Descoberta foi feita a partir de um microscópio 3D e revela o que estava escondido há mais de 300 anos: espermatozóides ‘perfuram’ o fluido, como parafusos.
A forma com que a ciência pensou, por mais de três séculos, o nado dos espermatozoides estava errada. É o que diz um estudo publicado pela revista “Science Advances”, a partir de imagens coletadas por um microscópio 3D que revelou um deslocamento em espiral.
O primeiro cientista a descrever o movimento dos espermatozoides foi o holandês Antonie van Leeuwenhoek. Com seu microscópio, ele avistou em 1678 uma “cauda, que, quando nadava, se mexia como uma serpente, como enguias na água”.
A constatação de Leeuwenhoek foi pouco questionada, porque justamente era isso que se podia ver com um microscópio comum.
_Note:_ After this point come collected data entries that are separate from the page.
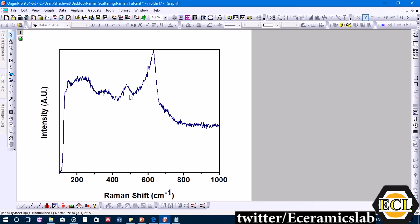In this curve, unlike XRD patterns, there are no sharp peaks — instead there are wider, broader peaks. You can see one broad peak, another broad peak, another one, and we'll try to deconvolute this region to see if there are any peaks present there.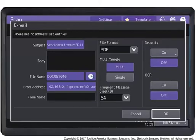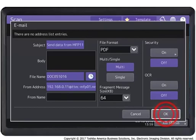Specify the file name and file format. Select either Single or Multi. Specify any additional settings you require and press OK.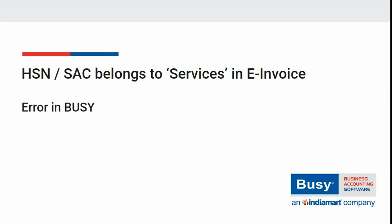Error of HSN SAC belongs to services while generating e-invoice from Busy. At the time of generating e-invoice from Busy, sometimes an error of HSN SAC specified belongs to services occurs, because of which e-invoice cannot be generated.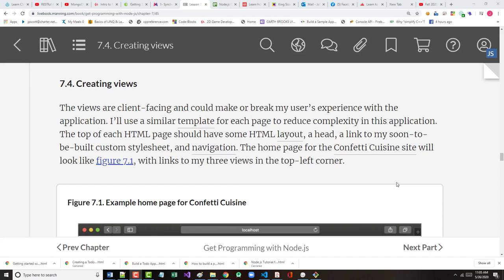All right, hello once again. This is Jeff Scott of Rankin Technical College. As part of the Rankin Technical College AWD 1111 class for the fall 2020 semester, I've been going through a series of video presentations for the textbook for the class, which is Get Programming with Node.js by Jonathan Wexler.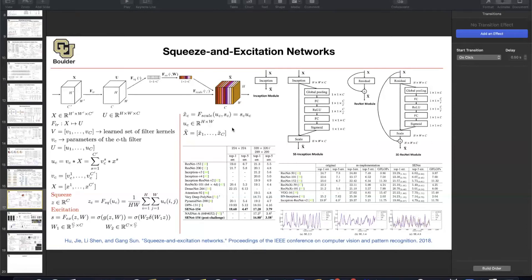So far, what we were learning about in terms of neural networks was mostly based on convolutions — basically convolution operations and different variants of it, and how to combine them together using different methodology, whether it's inception, res nets, VGG type networks, etc.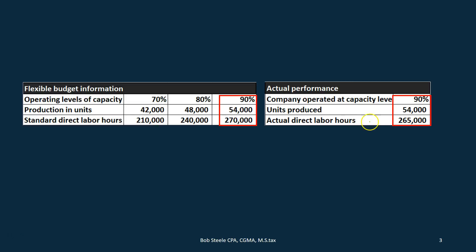For example, if we thought we were going to be at 70 percent capacity and budgeted our labor costs on that basis, but then actually produced at 90 percent capacity — meaning we budgeted to produce 42,000 units but actually produced 54,000 units — the cost for direct labor is clearly going to be higher. Going to the manufacturing department and saying they're over budget on labor is not good information, because of course it's going to be over budget. We produced more than we thought, and that's not necessarily a bad thing.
Mas em 2020, com a tecnologia de microscopia tridimensional, pesquisadores da Universidade de Bristol, no Reino Unido, e da Universidade Autônoma do México viram algo mais: um movimento espiralado e giratório em todas as direções.
“O flagelo bate de uma maneira assimétrica somente para um lado, mas ele vai rotacionando gradualmente e faz com que o espermatozoide anule sua assimetria”, explicou ao G1 o brasileiro Hermes Gadêlha, professor da Universidade de Bristol e primeiro autor do estudo. “Com isso, se consegue criar uma simetria através da assimetria.”
Para explicar, o matemático deu como exemplo o movimento de um pião em que ele gira ao redor de si mesmo e também ao redor de seu eixo. Segundo ele, é como se o gameta estivesse “perfurando o fluido”.
“É um movimento de precessão, um termo emprestado da física”, comentou o pesquisador. “A terra tem um movimento de precessão, e é isso que dá diferença do equinócio, solstício. Com o espermatozoide é quase como se você tivesse dois movimentos rotatórios perfurando o fluido de uma maneira muito bonita, muito elegante porque é aparentemente simétrico.”
55 mil fotos
Para enxergar como o gameta menor que a espessura da metade de um fio de cabelo se move, os pesquisadores usaram uma potente câmera capaz de tirar 55 mil fotos a cada um segundo. Com isso, eles conseguiram escanear os espermatozoides e identificar este movimento giratório.
“Ele é muito pequeno, tem 50 micrômetros”, disse Gadêlha. “Além disso, ele é muito rápido, ele nada em uma frequência entre 20 e 30 batimentos por segundo e quando for escanear, tem que ser em uma velocidade tão rápida que parece que o espermatozoide não está se movendo, ou como se estivesse em slow motion.”
Pode até parecer simples, mas os pesquisadores ficaram quatro anos calibrando os equipamentos e registrando as imagens coletadas para poder provar que o movimento identificado não era um erro na captação.
“Uma vez que você consegue fazer a observação em três dimensões, a pergunta principal se torna como é que a cauda bate realmente”, contou o brasileiro. “Para responder a essa pergunta, tem que ir para o referencial do espermatozoide, é quase como se você pegasse uma ‘Go Pro’ e colasse na cabeça do gameta.”
“Essa pesquisa é um casamento de várias áreas do conhecimento”, explicou o matemático. “Somos biólogos, engenheiros, matemáticos trabalhando juntos. Só a observação no microscópio não é suficiente, precisamos combinar com a modelagem matemática, mas ela sozinha não vai dar as respostas.”
A descoberta dos pesquisadores abre caminho para entender melhor os mecanismos da origem de todos nós: “Eu não estaria aqui se não tivesse um espermatozoide chegado a um óvulo”, reforçou o cientista e professor de matemática aplicada.
A próxima pergunta que eles fazem é justamente qual a relevância deste movimento para a infertilidade. Gadêlha explicou que muitos testes de fertilidade humana levam em conta a forma com que os gametas masculinos conseguem nadar.
“A única coisa que eu posso dizer, é que isso é menos de 10% do que a gente ainda estuda”, disse o pesquisador. “Vendo no microscópio, o futuro parece muito mágico.”